TO DO:
Word for word, restate the entries below and exclude every image.

SUPPLIED DATA:
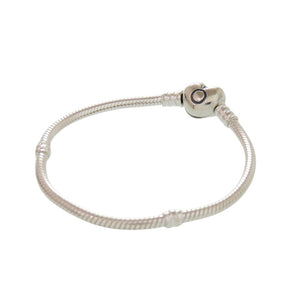 パンドラ ハートクラスプ スネークチェーン ブレスレット シルバー925 1613【中古】PANDORA
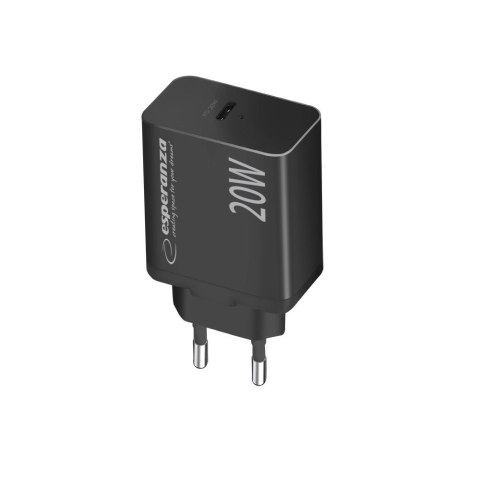 ESPERANZA ŁADOWARKA SIECIOWA 20W USB-C PD CZARNA EZC104K ESPERANZA ŁADOWARKA SIECIOWA 20W USB-C PD CZARNA EZC104K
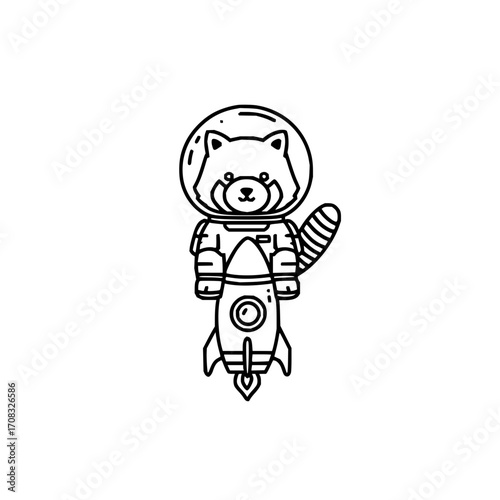 Raccoon astronaut in space suit riding rocket ship vector illustration line art drawing for kids and adults 100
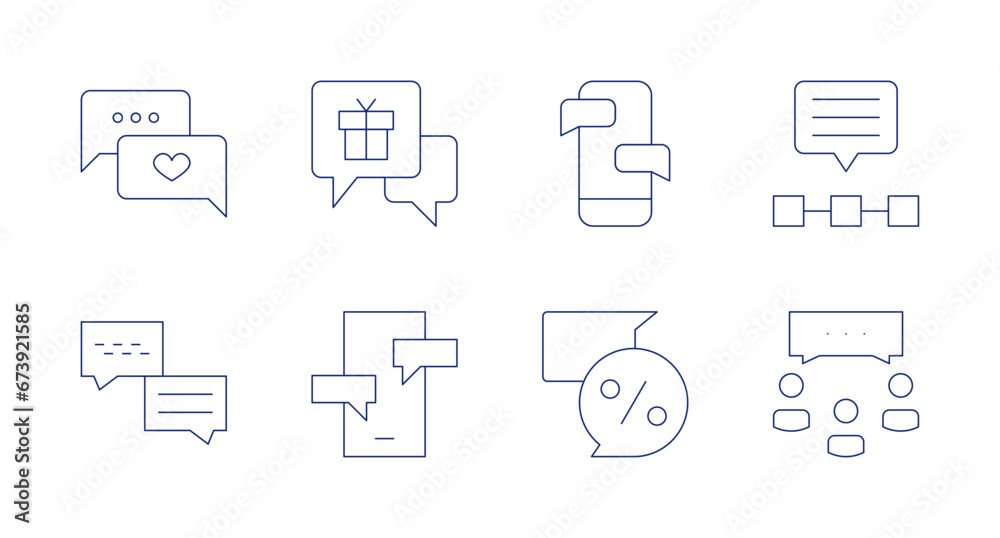 Chat icons. Editable stroke. Containing love, chatting, chat, network, group chat.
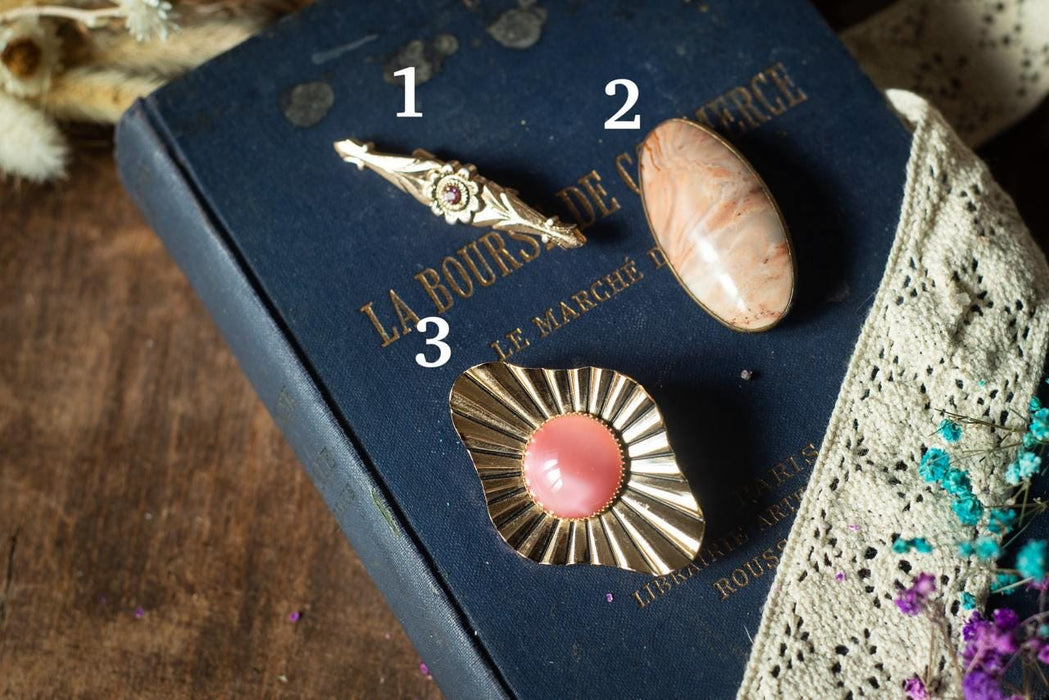 Natural Stone Brooch, Vintage Pink Crystal Jewelry, Gold Tone Filigree Lapel Pin, Antique Victorian Retro Shawl Pin, Gift for Mom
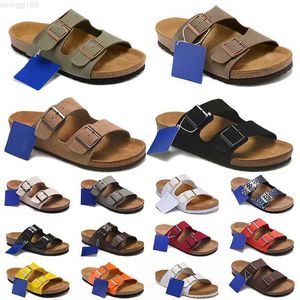 2023 Sandales de créateurs Boston Clogs Hommes Runes Arizona Pantoufles Birko-Flor Nubuck Cuir Daim Noir Blanc Marron Rouge Jaune Été Plage Extérieure Taille 35-46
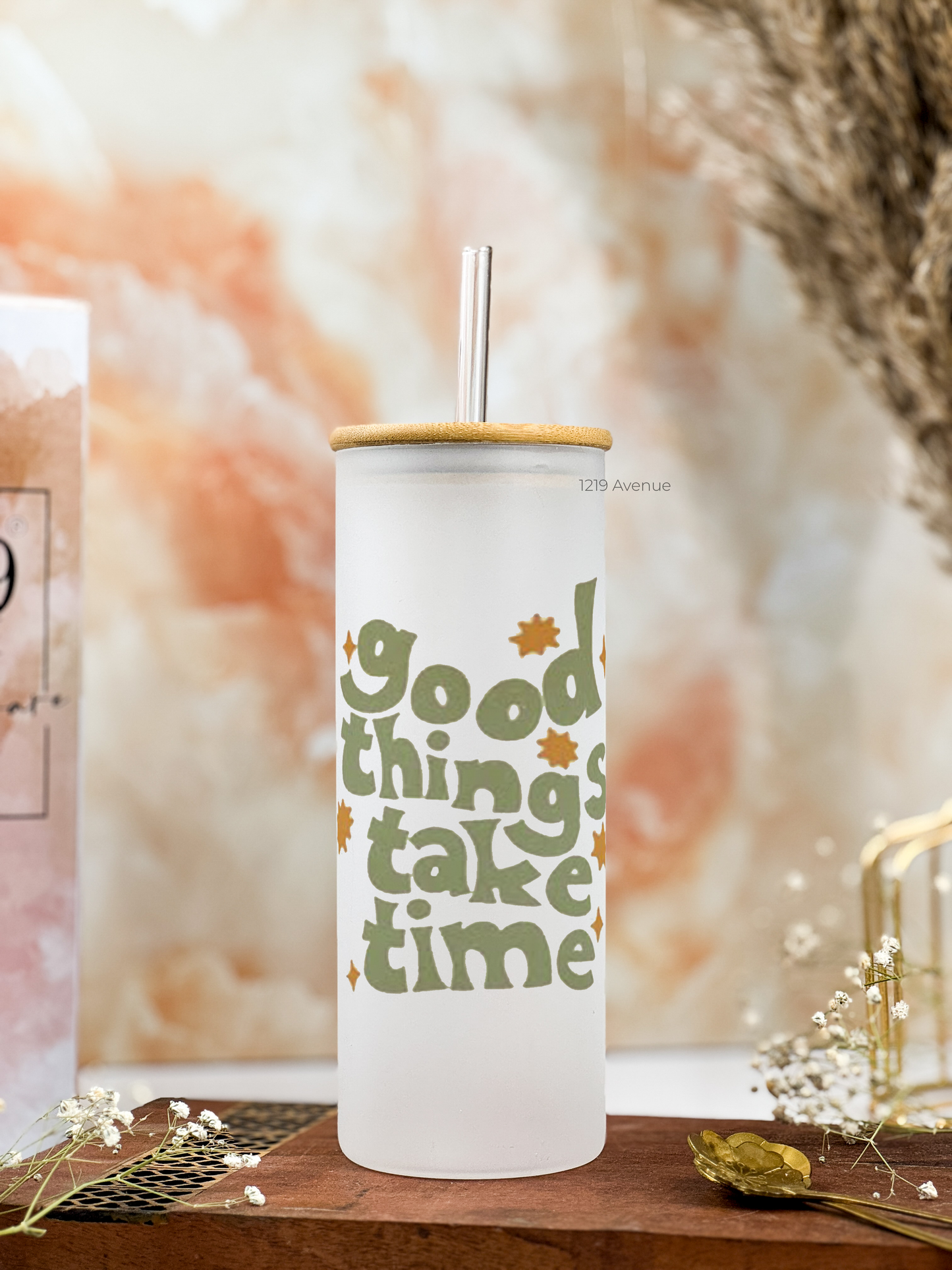 Frosted Grande Sipper 650ml| Good Things Take Time Print| 20oz Tall Tumbler with Straw and Lid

WRITTEN RESPONSE:
 パンドラ ハートクラスプ スネークチェーン ブレスレット シルバー925 1613【中古】PANDORA
 ESPERANZA ŁADOWARKA SIECIOWA 20W USB-C PD CZARNA EZC104K ESPERANZA ŁADOWARKA SIECIOWA 20W USB-C PD CZARNA EZC104K
 Raccoon astronaut in space suit riding rocket ship vector illustration line art drawing for kids and adults 100
 Chat icons. Editable stroke. Containing love, chatting, chat, network, group chat.
 Natural Stone Brooch, Vintage Pink Crystal Jewelry, Gold Tone Filigree Lapel Pin, Antique Victorian Retro Shawl Pin, Gift for Mom
 2023 Sandales de créateurs Boston Clogs Hommes Runes Arizona Pantoufles Birko-Flor Nubuck Cuir Daim Noir Blanc Marron Rouge Jaune Été Plage Extérieure Taille 35-46
 Frosted Grande Sipper 650ml| Good Things Take Time Print| 20oz Tall Tumbler with Straw and Lid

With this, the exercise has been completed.